God did not choose Israel because Jews are spiritually superior. The Bible never indicates this. This is a widely held belief in Hasidic and ultra-Orthodox Jewish circles. It is not good Judaism and it is not Biblical.
In the covenant between God and Israel at Mt. Sinai (a covenant which does not include Gentiles, by the way, as the nations were not a party to the Torah covenant), the intent again was to bring blessing to the whole world. Israel was chosen as a priestly nation (Exod 19:6).
A priestly relationship requires three parties: God, priest, and the recipients of the priestly revelation. If Israel is the priestly nation, then it is assumed that the other nations, a la Gentiles, are the beneficiaries.

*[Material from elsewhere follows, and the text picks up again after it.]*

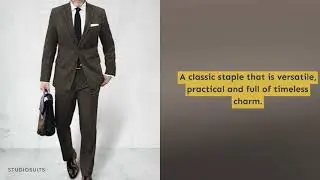 Haberdasher Tweed | Men's Fashion Outfits | StudioSuits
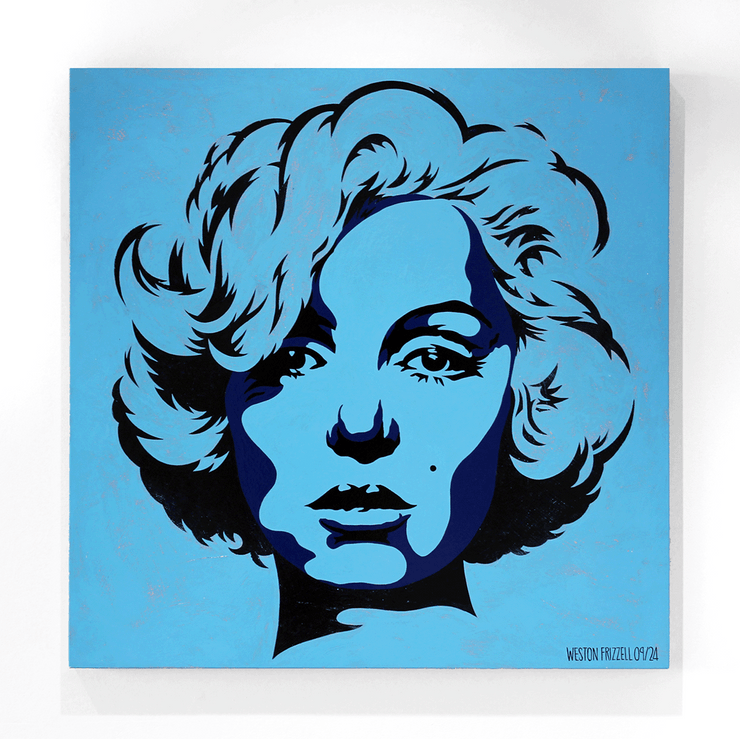 Weston Frizzell by Mike Weston Otis Frizzell Original Kiwi Art Pop Art at Boyd-Dunlop Gallery Hawkes Bay Napier Hastings Street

God chose Israel because his plan is to work through one nation to reach all nations.
This plan of God has been called mutual blessing (see R. Kendall Soulen’s The God of Israel and Christian Theology). The nations bless Israel and are blessed in return.
Gentiles were not unclean or uninvited before Yeshua came. Numerous texts speak of God’s intent to redeem the world, especially in the Psalms and prophets. In Numbers 15:14 makes it clear that Gentiles could enter the court of the sanctuary exactly as Israelites to come to the altar and make a sacrifice. The Second Temple custom of excluding women and Gentiles from the court of the Temple was in violation of Torah clearly and without justification.
Did Yeshua Change the Message to Make it Palatable to Gentiles?
Another idea out there is that before Yeshua the message of God was for Jews only and no place could be found for non-Jews. But Yeshua came along and taught a religion for Gentiles as well as Jews.
Can anyone find for me a place where Yeshua preaches anything like this?
Of course there are several places, such as in Luke 4, where Yeshua spurs his own people to faithfulness by pointing out the irony of greater faith outside of Israel than in it. Also, Yeshua respectfully healed and worked with a number of Gentiles, including a Roman centurion and a Canaanite woman (though he did tell her he came only for Israel, Matt 15:21-28).
Yeshua’s message was restoration coming to Israel but only when Israel was ready to repent, to quit pursuing war as the answer, and call on God for salvation instead. He said the kingdom was coming, the same kingdom proclaimed throughout the Hebrew Bible.
There was no change in the divine economy which suddenly opened the kingdom to Gentiles who had somehow been previously excluded. Nor did Yeshua preach a Christian message somehow changed from the message of Judaism. Those who persist in believing Yeshua came to start a new religion are hard-pressed to find any evidence of it in the gospels.
How Did Paul and the Mission to the Gentiles Explain It?
If everyone would remember that Paul was a Torah-faithful Jew called to work cross-culturally with Gentiles, it would greatly benefit New Testament theology. Too many people assume that the distinction between Jews and non-Jews ended at the cross and that Paul’s words about circumcision and Torah are somehow God’s instructions for all who follow Messiah.
This is not so.
Paul did not live what he preached.
That may sound like blasphemy, but Paul was a Jew preaching to non-Jews. Paul did not consider the Sabbath a matter of choice as he preached in Romans 14. That was a message to non-Jews to consider that the Sabbath might not mean anything to them, but to other servants of God (Jews) the Sabbath was an important part of their relationship to God. Paul did not withhold circumcision from Jews and converts though he preached in Galatians and 1 Corinthians 7 that Gentiles should not, under normal circumstances, be circumcised.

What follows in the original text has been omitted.